他们还发现了彼此在其他方面的共同兴趣和观点,并展开了不同程度的有益探讨,这些方面包括:卡夫卡(Kafka)和贝克特(Beckett);自由政治;美国诗歌自20世纪60年代以来令人失望的表现;怀疑自己的作品是否能持久流传;相信人类“将生活在我们所创造的痛苦现实中……而不是创造一个新的、协商后的现实”,语言符号能指在本质上是任意的(虽然不是没有意义的,奥斯特补充说);每个人跟他所吃的食物的关系,比我们普遍承认的更加复杂;德国作家海因里希·冯·克莱斯特 (Heinrich von Kleist) 是“ A级足球联赛 作家中的一个例子(库切语); A级联赛 不仅成员很少,而且玩法跟 B级联赛 大不相同,人们习惯了 B级联赛 的玩法,它让大家感觉更自在”;小说家不应该公开回应对他们的批评;接受采访远远不如真正的对话那么有吸引力;作家为了保持活力,必须不断尝试一些新的东西。
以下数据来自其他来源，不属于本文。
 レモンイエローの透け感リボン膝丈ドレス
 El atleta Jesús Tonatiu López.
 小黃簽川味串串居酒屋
在上述所有方面中,最后的这个共同信念似乎是最初促使他们开始书信往来的主要因素。

事实上,《此时此地》中两人意见一致的时候太多,最终反而成为了该书一个问题,因为他们的对话读起来更像是独白。到了全书的三分之二处,书信集的整体情绪从“激发火花”变得更加接近于体恤同情。有段时间,他们的讨论失去了动力。这样继续下去倒是也没有什么关系 但是当库切开始把奥斯特的“文人的挣扎”浪漫化时,以及奥斯特说“发牢骚也可以很有趣”,然后提出,“当我们说话时,让年轻人去翻白眼吧。让不那么年轻的人无视我们说的话”时,作为一名读者,我不由得想接受他的提议。但是我也很好奇:如果这两名作者各自与不那么赞同他们的人通信,《此时此地》将会是什么样呢?当然,那它就会成为一本不同的书,也许对于作者们来说,它会是一部更加重要的作品,而他们之间的友谊也会是另一种类型。
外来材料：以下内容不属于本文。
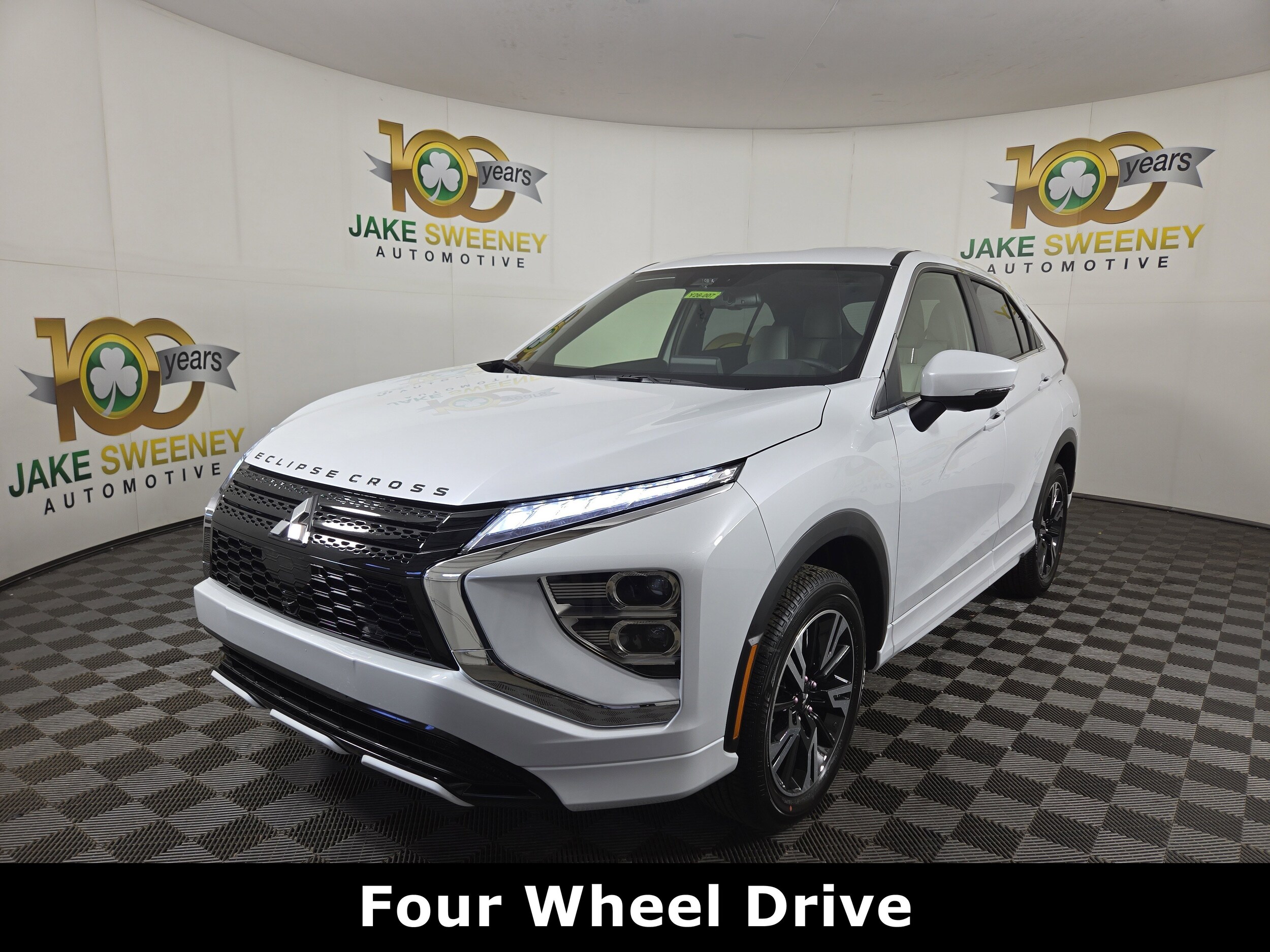 2026 Mitsubishi Eclipse Cross SEL photo 3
因为友谊才是《此时此地》的真正意义。他们通信的目的不是要写作一本书,而是要发展一段友谊,这一事实解释了《此时此地》的诸多弱点和长处。从最初的几封信 或者更早,从决定通信这件事本身 开始,友谊就是这本书的最高主题。不同的话题来来去去,其首要任务是发掘双方的共同点,以使这段友谊可以蓬勃发展。在通信开始不久,奥斯特写道,友谊提供了“绝对平等的地位。彼此给予的都比接受的更多,接受的比给予的更多,友谊在这种交流的互惠中盛放。”书信往来 年之后,两位作者似乎感觉他们已经抵达了这一理想的某个版本。他们开始占据对方的心思,奥斯特称库切为“缺席的另一位”,而库切回应道,他感到“对你,以及你坚韧顽强、未被珍视的勇敢,有一种兄弟般的关切”。“未被珍视”一词似乎跟事实不太吻合,但从整体来看,《此时此地》作为友谊发展过程中一系列互动的探寻和一种延伸的沉思,它提供的东西可谓真材实料。